Prediction of TERT mutation status in gliomas using conventional MRI radiogenomic features

Abstract

Objective: Telomerase reverse transcriptase (TERT) promoter mutation status in gliomas is a key determinant of treatment strategy and prognosis. This study aimed to analyze the radiogenomic features and construct radiogenomic models utilizing medical imaging techniques to predict the TERT promoter mutation status in gliomas.

Methods: This was a retrospective study of 304 patients with gliomas. T1-weighted contrast-enhanced, apparent diffusion coefficient, and diffusion-weighted imaging MRI sequences were used for radiomic feature extraction.
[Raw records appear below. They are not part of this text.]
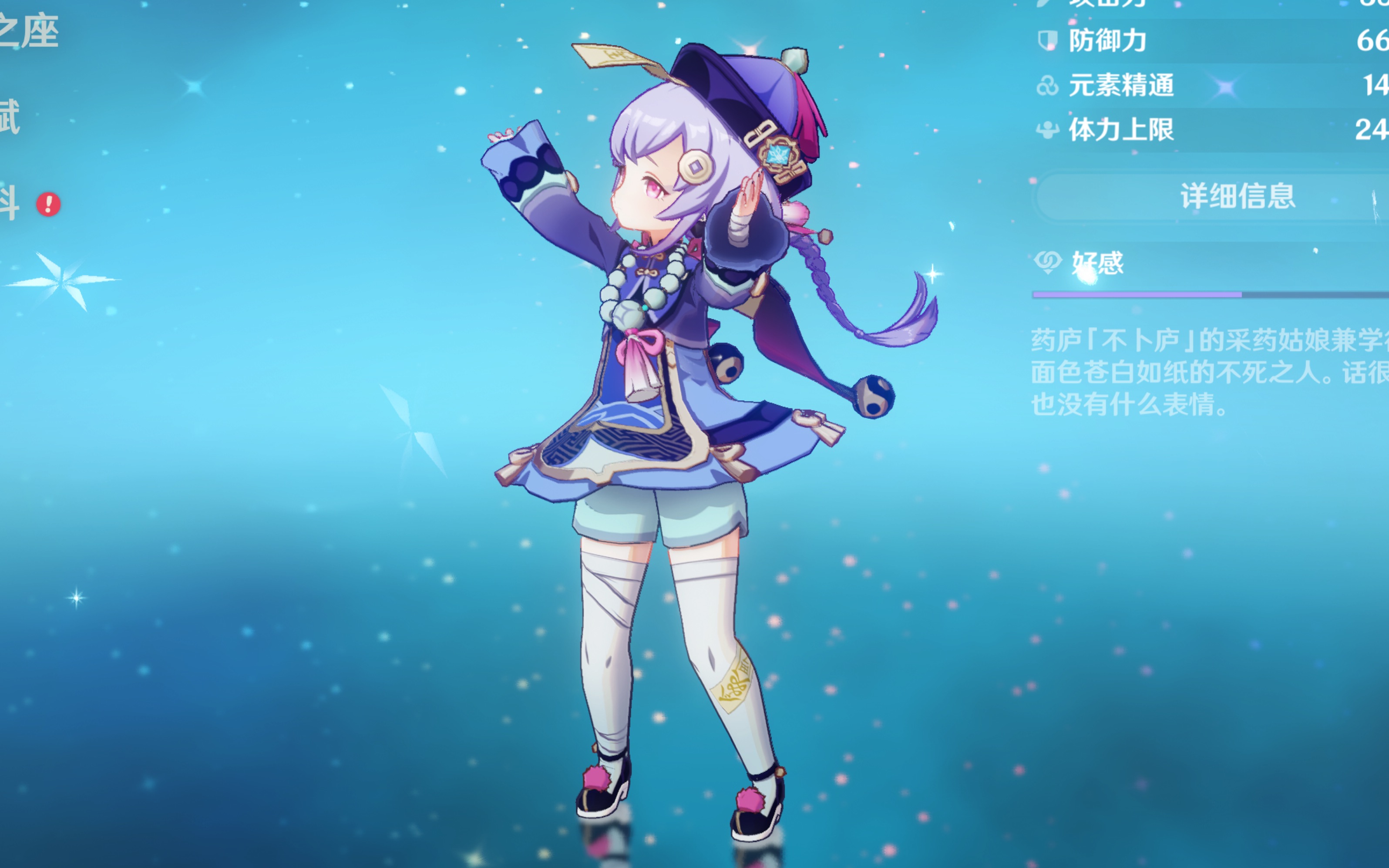 媒体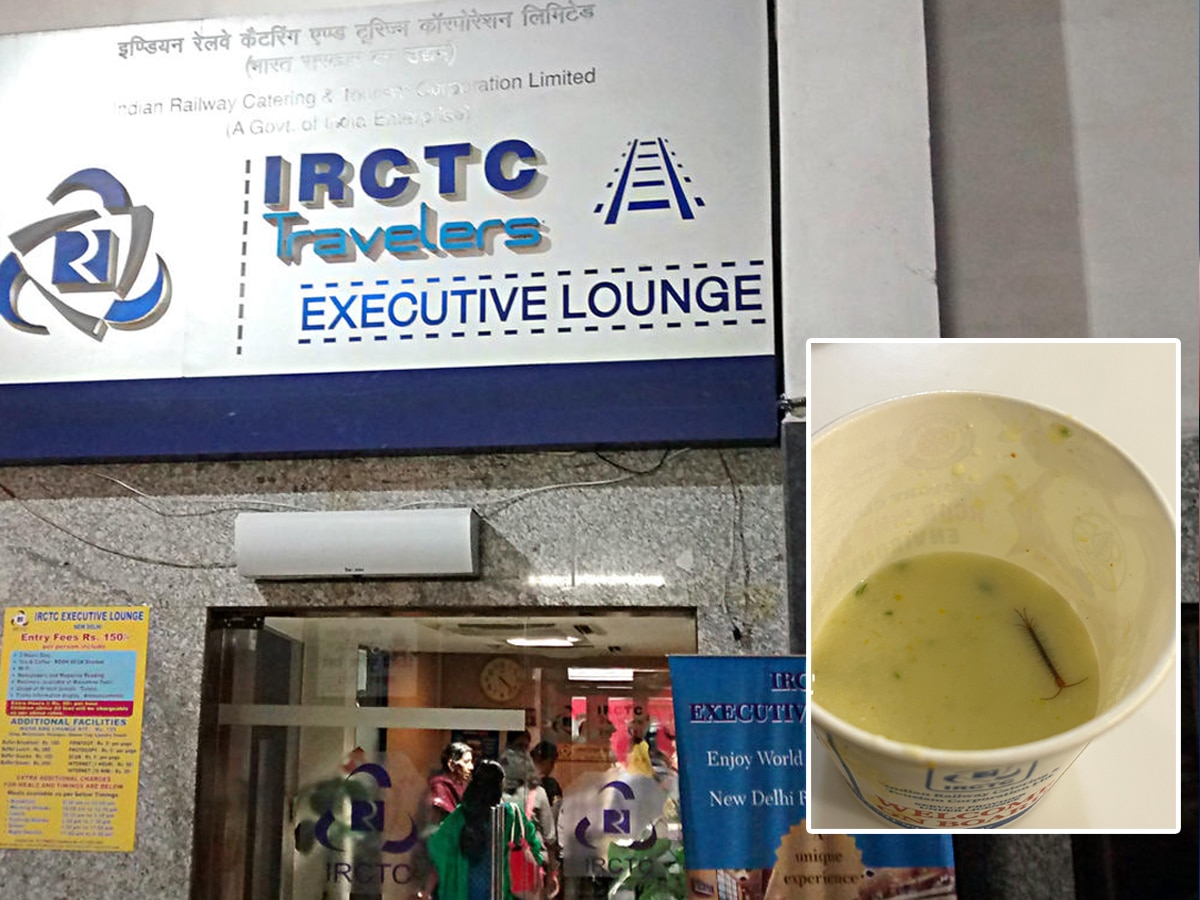 Indian Railway के VIP लाउंज में शख्स को रायते में मिला जिंदा कनखजूरा, मचा बवाल तो IRCTC ने दिया ये जवाब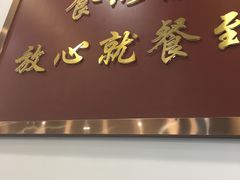 -聚德华天护国寺小吃(甜水园店)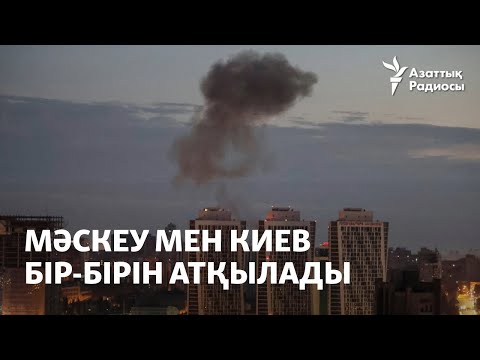 Видео: Мәскеу мен Киев бір-бірін атқылады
A total of 3,948 features were extracted from MRI images using the FAE software. These included 14 shape features, 18 histogram features, 24 gray level run length matrix, 14 gray level dependence matrix, 16 gray level run length matrix, 16 gray level size zone matrix (GLSZM), 5 neighboring gray tone difference matrix, and 744 wavelet transforms. The dataset was randomly divided into training and testing sets in a ratio of 7:3. Three feature selection methods and six classification algorithms were used to model the selected features. Predictive performance was evaluated using receiver operating characteristic curve analysis.

Results: Among the evaluated classification algorithms, the combination model of recursive feature elimination (RFE) with linear regression (LR) using six features showed the best diagnostic performance (area under the curve: 0.733, 0.562, and 0.633 in the training, validation, and testing sets, respectively). The next best-performing models were naive Bayes, linear discriminant analysis, autoencoder, and support vector machine. Regarding the three feature selection algorithms, RFE showed the most consistent performance, followed by relief and ANOVA. T1-enhanced entropy and GLSZM derived from T1-enhanced images were identified as the most critical radiomics features for distinguishing TERT promoter mutation status.
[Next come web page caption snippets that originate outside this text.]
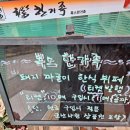 한가족 한식뷔페 이미지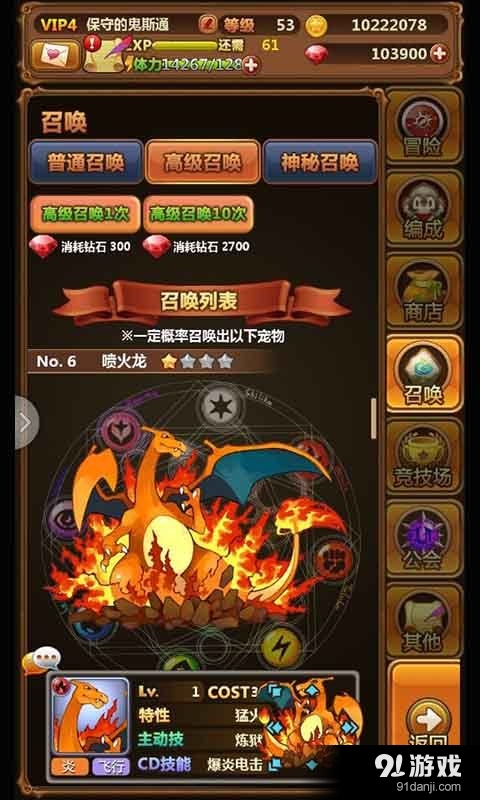 口袋召唤师v1.41截图5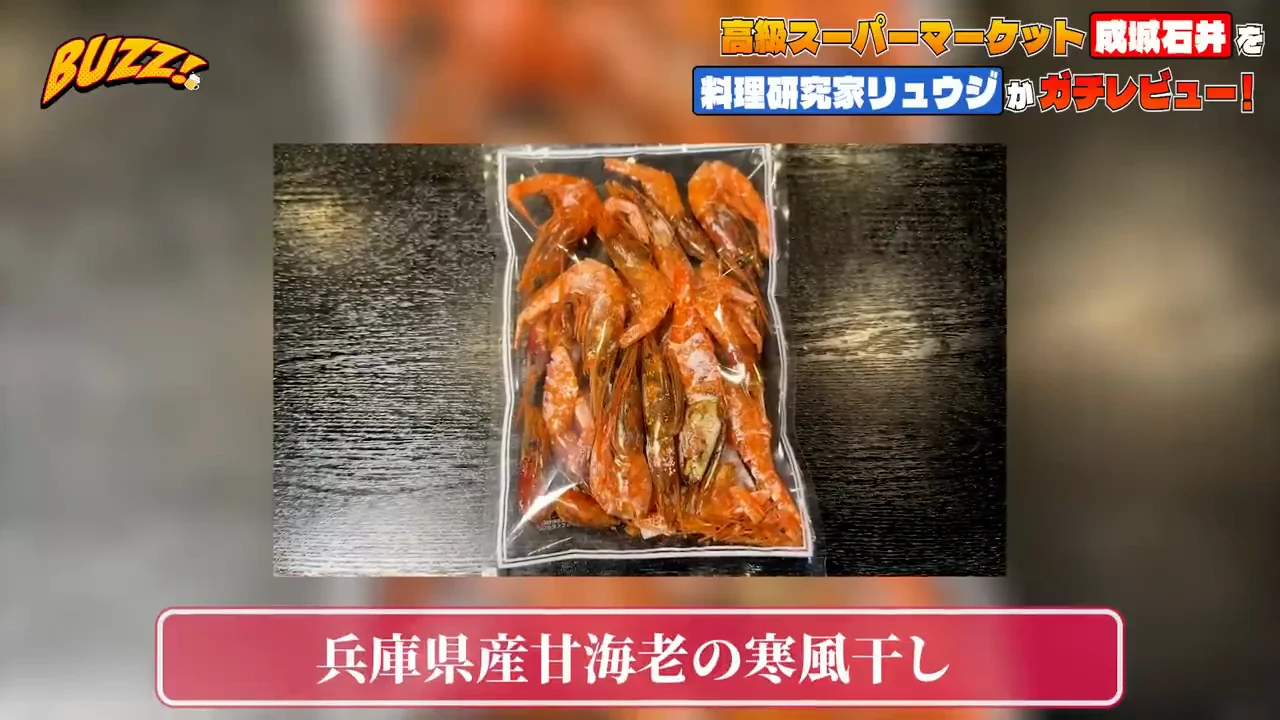 六品目：甘エビの寒風干し（評価Cプラス）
Conclusion: The LR and LRLasso models, mainly based on T1-enhanced entropy and GLSZM, showed good predictive ability for TERT promoter mutations in gliomas using radiomics models.
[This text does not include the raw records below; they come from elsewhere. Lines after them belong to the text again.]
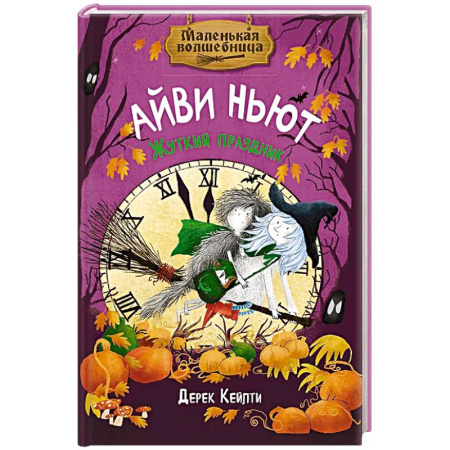 Сказки, книга Маленькая волшебница Айви Ньют. Жуткий праздник. Книга 2 заказать
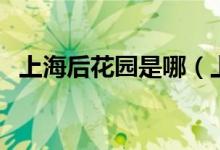 上海后花園是哪（上海后花園是哪個城市）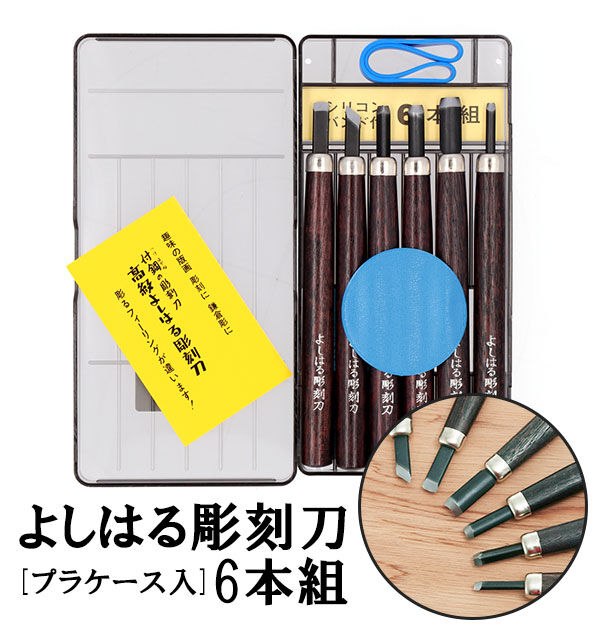 BACKYARD FAMILY「彫刻刀 セット 小学校 よしはる 通販 彫刻刀セット 義春 プラケース入り 6本セット 右利き用」|ステーショナリー|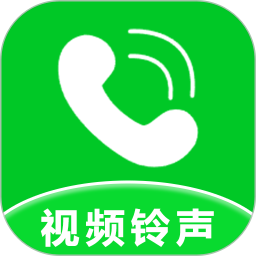 来电铃声视频秀鸿蒙版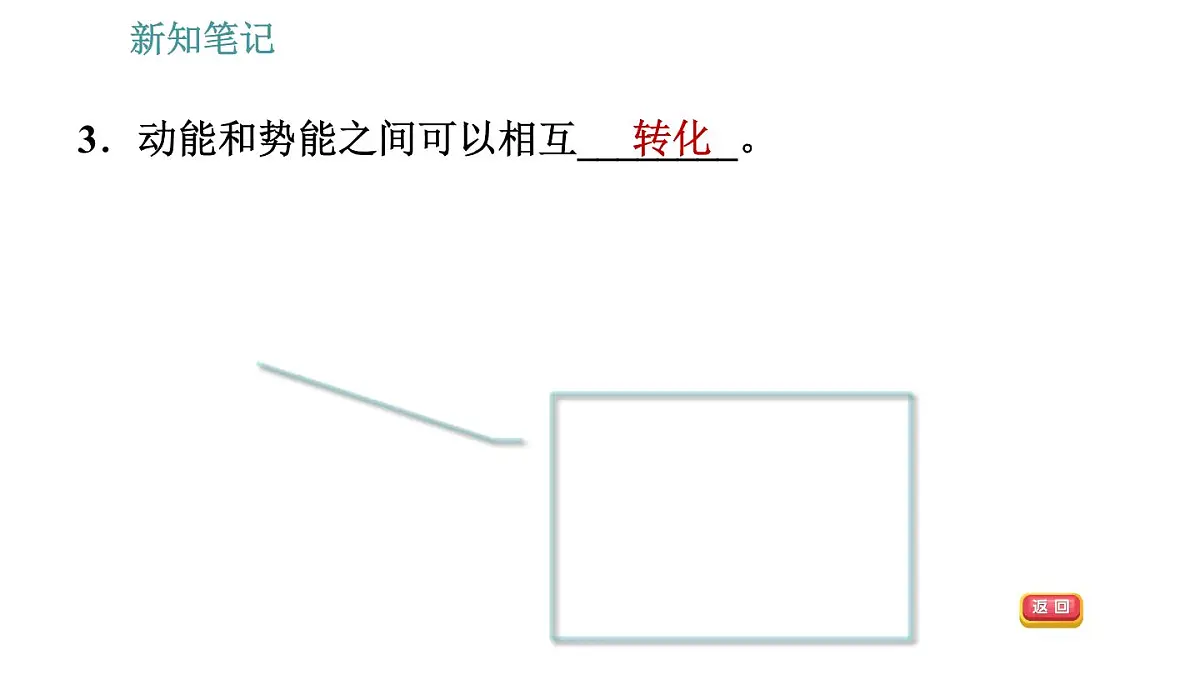沪科版八年级下册物理 第10章 10.6.2 机械能及其转化 习题课件第7页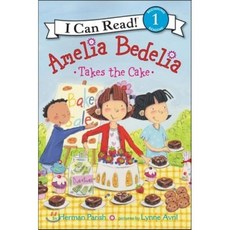Amelia Bedelia Takes the Cake Paperback, Greenwillow Books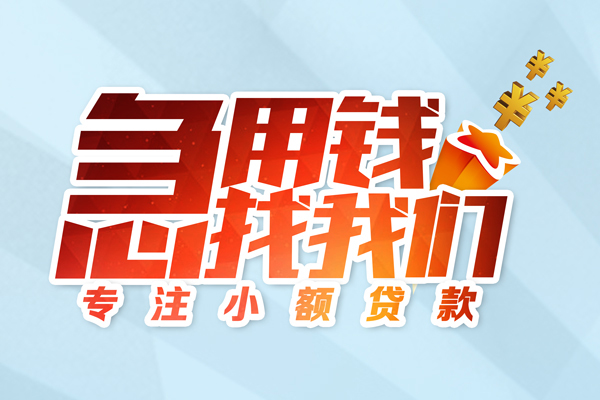 苏州短期借款短借-苏州短期短借费用-苏州短期网上小额贷款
Keywords: TERT promoter mutation; glioma; machine learning; magnetic resonance imaging; radiomics.

Figure 1

The patient selection flow chart.

Figure 2

Procedure for image processing, extraction of radiomic features, and machine learning.

Figure 3

Performance of the model derived from recursive feature elimination (RFE) combined with Linear Regression (LR): (A) ROC curves for the validation set, training set, and test set; (B) Following the “one standard error” principle, the maximum number of features in the model was reduced to 6; (C) Ranking of omics feature contributions from the best model derived from the combination of RFE and LR.

Figure 4

Performance of the model derived from recursive feature elimination (RFE) combined with logistic regression via the least absolute shrinkage and selection operator (LRLasso): (A) ROC curves for the validation set, training set, and test set; (B) Following the “one standard error” principle, the maximum number of features in the model was reduced to 6; (C) Ranking of omics feature contributions from the best model derived from the combination of RFE and LRLasso.

Figure 5

Performance of the model derived from relief combined with auto encoder (AE): (A) ROC curves for the validation set, training set, and test set; (B) Following the “one standard error” principle, the maximum number of features in the model was reduced to 12; (C) Ranking of omics feature contributions from the best model derived from the combination of relief and AE.

Figure 6

Performance of the model derived from relief combined with Naive Bayes (NB): (A) ROC curves for the validation set, training set, and test set; (B) Following the “one standard error” principle, the maximum number of features in the model was reduced to 12; (C) Ranking of omics feature contributions from the best model derived from the combination of relief and NB.

Figure 7

The performance evaluation of models when 3 feature selection methods (including ANOVA, RFE and relief) were integrated with 6 algorithms. (A) ANOVA. (B) RFE. (C) Relief.

Figure 8

Comparison of performance when pairing LR, LRLasso, NB, AE, LDA, and SVM classification algorithms with three feature selection methods. (A) LR. (B) LRLasso. (C) NB. (D) AE. (E) LDA. (F) SVM.